■ Record extracts
=-=-=-=-=
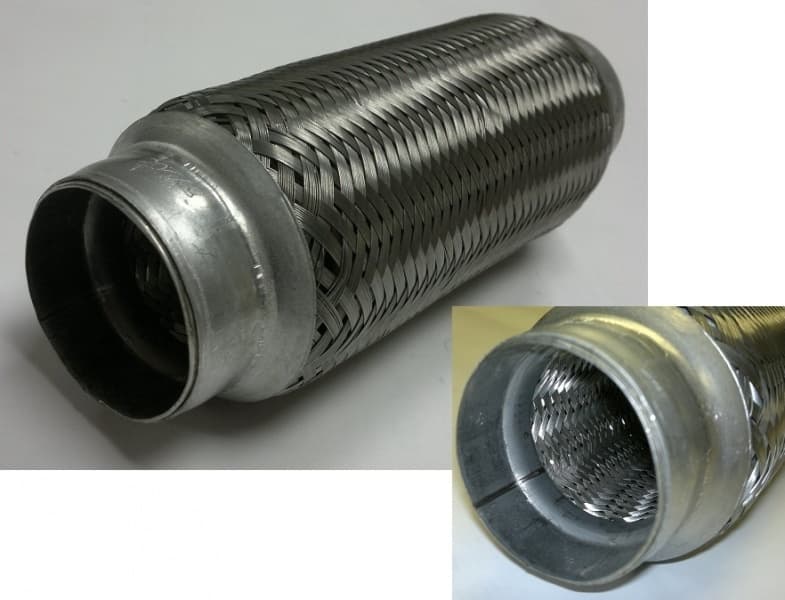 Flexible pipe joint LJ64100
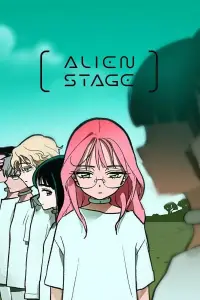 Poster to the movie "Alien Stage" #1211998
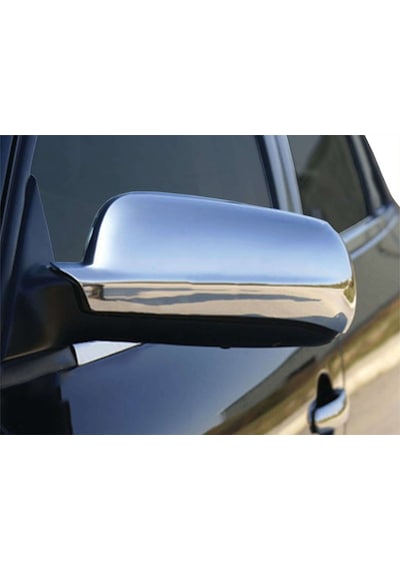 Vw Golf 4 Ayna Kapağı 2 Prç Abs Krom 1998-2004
=-=-=-=-=
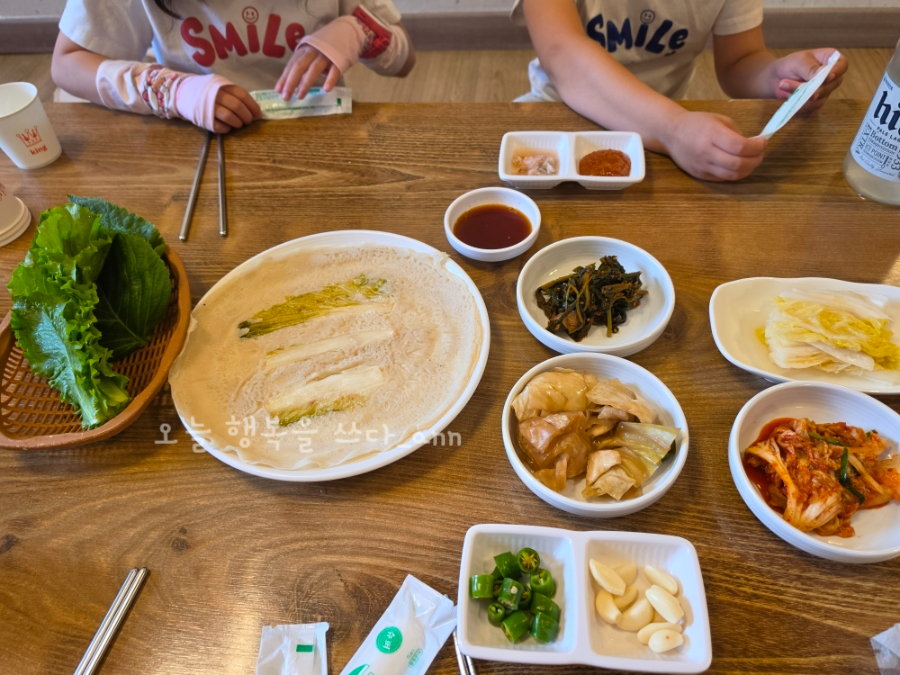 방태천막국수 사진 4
=-=-=-=-=
■ Your instructions
Although the records above contain pictures, the copy should not; retype exactly the lines from the one containing "Flexible pipe joint LJ64100" through the one containing "Vw Golf 4 Ayna".

■ Answer to the exercise
 Flexible pipe joint LJ64100
 Poster to the movie "Alien Stage" #1211998
 Vw Golf 4 Ayna Kapağı 2 Prç Abs Krom 1998-2004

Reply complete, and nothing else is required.